In [8]:
import nltk
from nltk.corpus import stopwords
from nltk.stem import WordNetLemmatizer
from nltk.tokenize import word_tokenize, sent_tokenize
import re
import numpy as np
from sklearn.feature_extraction.text import TfidfVectorizer
from rouge import Rouge
import joblib

In [9]:
# Download required NLTK data
nltk.download('punkt')
nltk.download('stopwords')
nltk.download('wordnet')

[nltk_data] Downloading package punkt to
[nltk_data]     C:\Users\yakuma\AppData\Roaming\nltk_data...
[nltk_data]   Package punkt is already up-to-date!
[nltk_data] Downloading package stopwords to
[nltk_data]     C:\Users\yakuma\AppData\Roaming\nltk_data...
[nltk_data]   Package stopwords is already up-to-date!
[nltk_data] Downloading package wordnet to
[nltk_data]     C:\Users\yakuma\AppData\Roaming\nltk_data...
[nltk_data]   Package wordnet is already up-to-date!


True

In [10]:
# Initialize Rouge for evaluation
rouge_scorer = Rouge()

In [11]:
class TextSummarizer:
    def __init__(self):
        self.stop_words = set(stopwords.words('english'))
        self.lemmatizer = WordNetLemmatizer()
        self.vectorizer = TfidfVectorizer(stop_words='english')

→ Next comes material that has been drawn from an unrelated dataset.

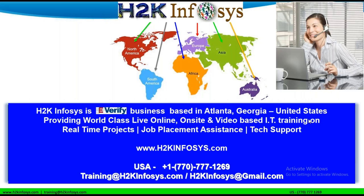Hi, this is Ankit Reddy, dotnet trainer. Today we'll learn about dotnet interview questions on SQL Server, ASP.NET, and C# dotnet.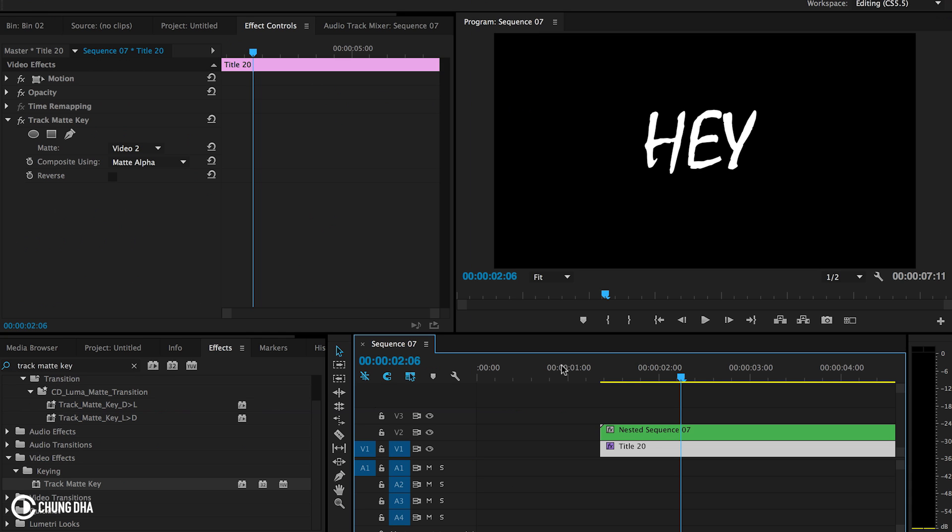So that was the tutorial how to get a self-writing text inside Premiere Pro. Hope you guys like this video and please give me a thumbs up. If you want to see more upcoming videos, please subscribe. Also check out my other videos on this channel. And if you have any questions, please comment below and I'll see you the next time. Bye bye.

    def preprocess_text(self, text):
        # Convert to lowercase
        text = text.lower()
        # Remove special characters and numbers
        text = re.sub(r'[^a-zA-Z\s]', '', text)
        # Tokenize
        words = word_tokenize(text)
        # Remove stopwords and lemmatize
        words = [self.lemmatizer.lemmatize(word) for word in words if word not in self.stop_words]
        return ' '.join(words)

    def get_sentence_scores(self, text):
        sentences = sent_tokenize(text)
        # Preprocess sentences
        processed_sentences = [self.preprocess_text(sentence) for sentence in sentences]

        # Calculate TF-IDF scores
        tfidf_matrix = self.vectorizer.fit_transform(processed_sentences)

        # Calculate sentence scores based on TF-IDF weights
        sentence_scores = []
        for i in range(len(sentences)):
            score = np.mean(tfidf_matrix[i].toarray())
            sentence_scores.append((sentences[i], score))

        return sentence_scores

    def summarize(self, text, num_sentences=3):
        if not text:
            return ""

        # Get sentence scores
        sentence_scores = self.get_sentence_scores(text)

        # Sort sentences by score
        sentence_scores.sort(key=lambda x: x[1], reverse=True)

        # Select top n sentences
        selected_sentences = [sentence[0] for sentence in sentence_scores[:num_sentences]]

        # Sort sentences by their original position
        original_sentences = sent_tokenize(text)
        final_sentences = [sent for sent in original_sentences if sent in selected_sentences]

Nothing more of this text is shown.